The company questioned 60 ABS and non-ABS firms of varied sizes about how they maintained competitiveness since the introduction of the LSA, concluding that 25 per cent had to changed strategy compared to just nine per cent three years ago.
Firms however are less optimistic about the LSA with just 14 per cent saying the legislation has had a positive impact compared to 21 per cent three years ago.
Baker Tilly professional practice group chair George Bull said: “In many cases law firms that previously held the view that reforms would have little impact on their business are coming around to the view that they will have to adjust their business model. The realisation that change will be necessary appears to be steadily growing.”
The report suggests that the introduction of the LSA has helped sharpen the thinking among firms looking for new ways to maintain competitiveness. Of those interviewed, 39 per cent said they had already shifted their strategy in response to the changes.
Bull continued: “Regulatory change has been most pronounced in connection with personal injury work so it is not surprising that we see the greatest amount of market movement here. However, this part of the market has not reached a new, mature stage yet.

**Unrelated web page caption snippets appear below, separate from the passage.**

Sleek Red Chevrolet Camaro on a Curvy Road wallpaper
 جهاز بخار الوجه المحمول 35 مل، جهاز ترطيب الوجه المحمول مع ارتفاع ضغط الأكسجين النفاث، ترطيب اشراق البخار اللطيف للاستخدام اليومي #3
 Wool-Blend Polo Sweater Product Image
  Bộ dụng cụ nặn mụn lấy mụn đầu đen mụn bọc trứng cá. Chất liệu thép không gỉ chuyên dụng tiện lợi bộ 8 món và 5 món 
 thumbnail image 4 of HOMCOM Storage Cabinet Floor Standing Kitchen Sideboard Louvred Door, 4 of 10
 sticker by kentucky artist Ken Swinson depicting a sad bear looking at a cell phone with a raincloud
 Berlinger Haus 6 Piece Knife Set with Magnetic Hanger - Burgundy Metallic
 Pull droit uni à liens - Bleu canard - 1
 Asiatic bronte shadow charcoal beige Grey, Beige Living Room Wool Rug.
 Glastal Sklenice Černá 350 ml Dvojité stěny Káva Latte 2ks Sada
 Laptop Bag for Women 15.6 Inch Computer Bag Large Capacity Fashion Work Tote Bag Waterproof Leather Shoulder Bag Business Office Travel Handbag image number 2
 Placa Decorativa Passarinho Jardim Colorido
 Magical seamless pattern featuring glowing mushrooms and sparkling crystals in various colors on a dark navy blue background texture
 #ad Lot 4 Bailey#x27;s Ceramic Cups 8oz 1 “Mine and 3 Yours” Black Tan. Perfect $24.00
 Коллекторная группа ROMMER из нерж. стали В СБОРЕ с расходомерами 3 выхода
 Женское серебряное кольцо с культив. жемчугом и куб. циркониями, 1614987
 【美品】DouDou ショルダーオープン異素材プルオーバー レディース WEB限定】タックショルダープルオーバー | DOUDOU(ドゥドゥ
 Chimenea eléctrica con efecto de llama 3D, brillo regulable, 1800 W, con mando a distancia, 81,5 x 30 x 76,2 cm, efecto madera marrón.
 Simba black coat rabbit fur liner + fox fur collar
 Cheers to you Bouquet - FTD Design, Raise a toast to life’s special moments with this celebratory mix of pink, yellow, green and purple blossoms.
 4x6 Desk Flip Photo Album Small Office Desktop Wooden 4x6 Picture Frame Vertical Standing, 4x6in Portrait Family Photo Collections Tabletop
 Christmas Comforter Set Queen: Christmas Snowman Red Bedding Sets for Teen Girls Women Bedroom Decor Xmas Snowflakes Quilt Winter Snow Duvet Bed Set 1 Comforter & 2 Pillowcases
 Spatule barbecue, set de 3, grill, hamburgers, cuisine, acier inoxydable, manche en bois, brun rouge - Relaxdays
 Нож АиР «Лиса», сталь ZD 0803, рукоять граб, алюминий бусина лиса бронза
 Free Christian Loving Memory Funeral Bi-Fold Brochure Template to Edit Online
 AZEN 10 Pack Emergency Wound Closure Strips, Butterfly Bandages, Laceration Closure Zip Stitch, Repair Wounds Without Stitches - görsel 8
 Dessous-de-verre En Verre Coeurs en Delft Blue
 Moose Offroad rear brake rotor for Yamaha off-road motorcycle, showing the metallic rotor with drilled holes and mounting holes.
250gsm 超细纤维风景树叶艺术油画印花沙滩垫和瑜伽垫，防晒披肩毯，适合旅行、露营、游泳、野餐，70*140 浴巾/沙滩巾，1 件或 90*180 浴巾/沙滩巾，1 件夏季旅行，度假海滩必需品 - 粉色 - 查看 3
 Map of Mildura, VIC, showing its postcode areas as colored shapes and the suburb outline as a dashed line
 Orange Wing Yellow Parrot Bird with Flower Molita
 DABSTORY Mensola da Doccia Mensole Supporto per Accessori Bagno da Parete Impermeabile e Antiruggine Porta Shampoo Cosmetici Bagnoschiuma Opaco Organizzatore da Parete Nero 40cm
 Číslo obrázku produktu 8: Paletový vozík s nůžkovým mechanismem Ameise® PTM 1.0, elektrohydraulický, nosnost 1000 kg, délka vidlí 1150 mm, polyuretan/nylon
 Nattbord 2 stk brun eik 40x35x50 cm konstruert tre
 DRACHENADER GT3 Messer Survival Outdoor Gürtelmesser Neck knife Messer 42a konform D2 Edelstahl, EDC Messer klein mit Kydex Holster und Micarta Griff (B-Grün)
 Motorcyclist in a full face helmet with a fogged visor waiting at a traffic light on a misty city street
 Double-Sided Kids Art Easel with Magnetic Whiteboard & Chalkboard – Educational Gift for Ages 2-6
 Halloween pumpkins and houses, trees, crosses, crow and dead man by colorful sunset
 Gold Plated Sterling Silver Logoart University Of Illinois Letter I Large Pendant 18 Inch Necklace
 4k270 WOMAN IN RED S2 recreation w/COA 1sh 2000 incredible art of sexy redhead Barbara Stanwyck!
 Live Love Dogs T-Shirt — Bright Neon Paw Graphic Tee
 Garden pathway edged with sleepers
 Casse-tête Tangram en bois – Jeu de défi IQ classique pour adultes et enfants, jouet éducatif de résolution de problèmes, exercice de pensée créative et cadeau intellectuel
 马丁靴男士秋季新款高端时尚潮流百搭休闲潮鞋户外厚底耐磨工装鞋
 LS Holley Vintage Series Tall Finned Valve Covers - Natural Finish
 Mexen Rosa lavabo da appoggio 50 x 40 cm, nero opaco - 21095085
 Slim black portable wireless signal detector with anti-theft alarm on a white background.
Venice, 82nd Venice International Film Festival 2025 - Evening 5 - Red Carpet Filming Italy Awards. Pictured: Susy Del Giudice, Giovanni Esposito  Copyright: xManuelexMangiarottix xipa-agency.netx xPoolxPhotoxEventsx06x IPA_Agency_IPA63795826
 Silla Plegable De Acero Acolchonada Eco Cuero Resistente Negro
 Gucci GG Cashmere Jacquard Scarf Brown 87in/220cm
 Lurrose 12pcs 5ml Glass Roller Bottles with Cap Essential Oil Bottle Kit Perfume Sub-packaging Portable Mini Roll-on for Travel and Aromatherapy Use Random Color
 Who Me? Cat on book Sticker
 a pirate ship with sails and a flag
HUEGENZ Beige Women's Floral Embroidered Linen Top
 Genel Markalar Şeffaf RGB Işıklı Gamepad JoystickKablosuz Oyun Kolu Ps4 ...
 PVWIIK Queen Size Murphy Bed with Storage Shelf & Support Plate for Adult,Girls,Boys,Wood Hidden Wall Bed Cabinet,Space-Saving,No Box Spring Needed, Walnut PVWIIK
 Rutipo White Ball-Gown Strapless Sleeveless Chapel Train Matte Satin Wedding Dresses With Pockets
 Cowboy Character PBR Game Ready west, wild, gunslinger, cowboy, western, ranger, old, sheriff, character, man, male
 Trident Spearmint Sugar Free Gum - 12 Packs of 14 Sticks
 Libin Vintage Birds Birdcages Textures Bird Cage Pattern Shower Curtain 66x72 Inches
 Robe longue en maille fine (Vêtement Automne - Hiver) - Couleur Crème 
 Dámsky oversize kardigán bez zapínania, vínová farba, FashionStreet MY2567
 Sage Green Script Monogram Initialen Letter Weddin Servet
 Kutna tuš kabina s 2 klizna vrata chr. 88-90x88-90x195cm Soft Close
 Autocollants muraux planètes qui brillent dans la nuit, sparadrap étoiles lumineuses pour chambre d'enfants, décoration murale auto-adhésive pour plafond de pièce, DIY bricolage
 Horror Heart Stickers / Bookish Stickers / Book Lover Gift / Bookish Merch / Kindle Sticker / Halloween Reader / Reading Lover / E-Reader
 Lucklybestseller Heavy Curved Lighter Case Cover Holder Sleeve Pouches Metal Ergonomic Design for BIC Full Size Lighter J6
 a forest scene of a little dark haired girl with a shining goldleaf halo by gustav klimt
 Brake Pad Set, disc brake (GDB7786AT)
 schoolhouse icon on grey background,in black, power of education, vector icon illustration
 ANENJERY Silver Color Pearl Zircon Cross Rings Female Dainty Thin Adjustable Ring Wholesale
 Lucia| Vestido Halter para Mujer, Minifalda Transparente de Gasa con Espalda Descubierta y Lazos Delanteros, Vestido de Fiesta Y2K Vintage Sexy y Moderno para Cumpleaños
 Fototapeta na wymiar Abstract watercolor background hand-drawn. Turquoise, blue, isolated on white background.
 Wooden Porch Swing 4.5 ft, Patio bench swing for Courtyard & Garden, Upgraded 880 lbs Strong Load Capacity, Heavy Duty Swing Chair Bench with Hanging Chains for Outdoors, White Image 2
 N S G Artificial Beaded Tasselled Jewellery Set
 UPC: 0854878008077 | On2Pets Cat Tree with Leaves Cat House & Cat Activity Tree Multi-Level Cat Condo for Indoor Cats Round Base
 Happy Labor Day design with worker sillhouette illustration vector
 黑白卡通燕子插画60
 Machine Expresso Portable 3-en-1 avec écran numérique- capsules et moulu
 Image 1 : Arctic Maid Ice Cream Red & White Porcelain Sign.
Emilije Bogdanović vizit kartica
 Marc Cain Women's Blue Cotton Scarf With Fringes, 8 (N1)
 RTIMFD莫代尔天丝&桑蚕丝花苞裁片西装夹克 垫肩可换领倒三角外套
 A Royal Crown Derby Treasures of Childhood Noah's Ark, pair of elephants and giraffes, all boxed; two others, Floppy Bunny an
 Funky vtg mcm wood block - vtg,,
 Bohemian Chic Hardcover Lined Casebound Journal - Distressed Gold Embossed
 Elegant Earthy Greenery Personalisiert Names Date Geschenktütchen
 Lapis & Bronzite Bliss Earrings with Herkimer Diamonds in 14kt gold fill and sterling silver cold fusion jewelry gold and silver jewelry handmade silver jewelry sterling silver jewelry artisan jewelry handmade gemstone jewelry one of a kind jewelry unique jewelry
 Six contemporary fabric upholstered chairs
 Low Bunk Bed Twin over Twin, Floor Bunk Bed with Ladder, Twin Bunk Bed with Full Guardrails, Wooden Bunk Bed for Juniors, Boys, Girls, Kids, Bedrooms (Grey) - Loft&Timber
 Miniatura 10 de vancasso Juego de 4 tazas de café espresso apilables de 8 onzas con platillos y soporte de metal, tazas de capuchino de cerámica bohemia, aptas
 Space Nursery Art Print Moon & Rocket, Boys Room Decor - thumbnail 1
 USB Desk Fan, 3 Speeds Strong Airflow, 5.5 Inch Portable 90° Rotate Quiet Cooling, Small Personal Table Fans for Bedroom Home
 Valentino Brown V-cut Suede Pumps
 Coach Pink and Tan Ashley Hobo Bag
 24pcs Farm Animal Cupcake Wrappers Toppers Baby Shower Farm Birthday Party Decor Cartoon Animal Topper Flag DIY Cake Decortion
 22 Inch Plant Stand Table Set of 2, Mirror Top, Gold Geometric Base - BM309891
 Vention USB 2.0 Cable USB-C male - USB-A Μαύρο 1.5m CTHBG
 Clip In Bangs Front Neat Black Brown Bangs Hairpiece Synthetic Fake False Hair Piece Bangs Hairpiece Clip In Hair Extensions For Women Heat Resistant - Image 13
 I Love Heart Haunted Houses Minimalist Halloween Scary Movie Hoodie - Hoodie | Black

Long-term success for providers of retail legal services will depend on building a lifelong relationship with clients.
“Elsewhere in the legal sector, early-stage experimentation has produced new types of legal business models which are not always attractive to funders. Here, innovation has not yet been reflected in market change. This is particularly evident among legal businesses providing services to business clients: we have not yet seen a real game-changer enter the market.”
The Legal Services Board (LSB) last year admitted that the LSA had not resulted in the expected sweeping changes to the profession, stating in a five-year progress report that it was “early days” to judge its impact.